## Data items
■ ■ ■ ■ ■

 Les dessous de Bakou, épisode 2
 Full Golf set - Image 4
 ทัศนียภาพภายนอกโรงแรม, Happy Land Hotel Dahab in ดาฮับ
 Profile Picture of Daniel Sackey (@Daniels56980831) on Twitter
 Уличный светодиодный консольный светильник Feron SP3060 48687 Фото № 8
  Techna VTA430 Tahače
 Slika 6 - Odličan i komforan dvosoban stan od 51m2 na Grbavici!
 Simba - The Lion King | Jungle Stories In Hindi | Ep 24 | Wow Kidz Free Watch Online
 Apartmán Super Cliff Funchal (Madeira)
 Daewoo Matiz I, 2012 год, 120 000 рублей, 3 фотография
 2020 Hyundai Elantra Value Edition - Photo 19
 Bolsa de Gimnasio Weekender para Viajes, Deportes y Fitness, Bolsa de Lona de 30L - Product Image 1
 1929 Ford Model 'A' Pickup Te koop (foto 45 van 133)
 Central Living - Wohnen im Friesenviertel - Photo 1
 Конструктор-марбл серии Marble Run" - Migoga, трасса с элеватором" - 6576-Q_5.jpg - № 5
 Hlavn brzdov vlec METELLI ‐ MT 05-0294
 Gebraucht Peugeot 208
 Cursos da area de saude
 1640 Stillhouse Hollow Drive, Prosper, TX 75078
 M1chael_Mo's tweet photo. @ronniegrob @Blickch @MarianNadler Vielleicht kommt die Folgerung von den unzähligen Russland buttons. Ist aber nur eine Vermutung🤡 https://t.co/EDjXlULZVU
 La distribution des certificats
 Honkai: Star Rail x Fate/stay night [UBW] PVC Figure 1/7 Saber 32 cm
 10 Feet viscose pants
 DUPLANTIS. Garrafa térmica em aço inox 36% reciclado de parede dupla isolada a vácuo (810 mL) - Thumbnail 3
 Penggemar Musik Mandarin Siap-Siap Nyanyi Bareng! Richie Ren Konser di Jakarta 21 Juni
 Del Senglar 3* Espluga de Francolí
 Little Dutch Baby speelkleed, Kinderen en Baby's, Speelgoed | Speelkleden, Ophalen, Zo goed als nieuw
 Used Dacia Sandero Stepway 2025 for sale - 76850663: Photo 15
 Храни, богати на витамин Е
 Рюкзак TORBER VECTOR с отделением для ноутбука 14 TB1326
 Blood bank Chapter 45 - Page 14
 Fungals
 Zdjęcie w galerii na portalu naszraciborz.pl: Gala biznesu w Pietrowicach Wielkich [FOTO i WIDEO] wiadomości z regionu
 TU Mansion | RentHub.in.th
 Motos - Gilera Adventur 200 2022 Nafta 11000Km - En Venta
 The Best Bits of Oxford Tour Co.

■ ■ ■ ■ ■

## BRIEF
In full and unchanged, repeat the data above.

## FINISHED EXERCISE
 Les dessous de Bakou, épisode 2
 Full Golf set - Image 4
 ทัศนียภาพภายนอกโรงแรม, Happy Land Hotel Dahab in ดาฮับ
 Profile Picture of Daniel Sackey (@Daniels56980831) on Twitter
 Уличный светодиодный консольный светильник Feron SP3060 48687 Фото № 8
  Techna VTA430 Tahače
 Slika 6 - Odličan i komforan dvosoban stan od 51m2 na Grbavici!
 Simba - The Lion King | Jungle Stories In Hindi | Ep 24 | Wow Kidz Free Watch Online
 Apartmán Super Cliff Funchal (Madeira)
 Daewoo Matiz I, 2012 год, 120 000 рублей, 3 фотография
 2020 Hyundai Elantra Value Edition - Photo 19
 Bolsa de Gimnasio Weekender para Viajes, Deportes y Fitness, Bolsa de Lona de 30L - Product Image 1
 1929 Ford Model 'A' Pickup Te koop (foto 45 van 133)
 Central Living - Wohnen im Friesenviertel - Photo 1
 Конструктор-марбл серии Marble Run" - Migoga, трасса с элеватором" - 6576-Q_5.jpg - № 5
 Hlavn brzdov vlec METELLI ‐ MT 05-0294
 Gebraucht Peugeot 208
 Cursos da area de saude
 1640 Stillhouse Hollow Drive, Prosper, TX 75078
 M1chael_Mo's tweet photo. @ronniegrob @Blickch @MarianNadler Vielleicht kommt die Folgerung von den unzähligen Russland buttons. Ist aber nur eine Vermutung🤡 https://t.co/EDjXlULZVU
 La distribution des certificats
 Honkai: Star Rail x Fate/stay night [UBW] PVC Figure 1/7 Saber 32 cm
 10 Feet viscose pants
 DUPLANTIS. Garrafa térmica em aço inox 36% reciclado de parede dupla isolada a vácuo (810 mL) - Thumbnail 3
 Penggemar Musik Mandarin Siap-Siap Nyanyi Bareng! Richie Ren Konser di Jakarta 21 Juni
 Del Senglar 3* Espluga de Francolí
 Little Dutch Baby speelkleed, Kinderen en Baby's, Speelgoed | Speelkleden, Ophalen, Zo goed als nieuw
 Used Dacia Sandero Stepway 2025 for sale - 76850663: Photo 15
 Храни, богати на витамин Е
 Рюкзак TORBER VECTOR с отделением для ноутбука 14 TB1326
 Blood bank Chapter 45 - Page 14
 Fungals
 Zdjęcie w galerii na portalu naszraciborz.pl: Gala biznesu w Pietrowicach Wielkich [FOTO i WIDEO] wiadomości z regionu
 TU Mansion | RentHub.in.th
 Motos - Gilera Adventur 200 2022 Nafta 11000Km - En Venta
 The Best Bits of Oxford Tour Co.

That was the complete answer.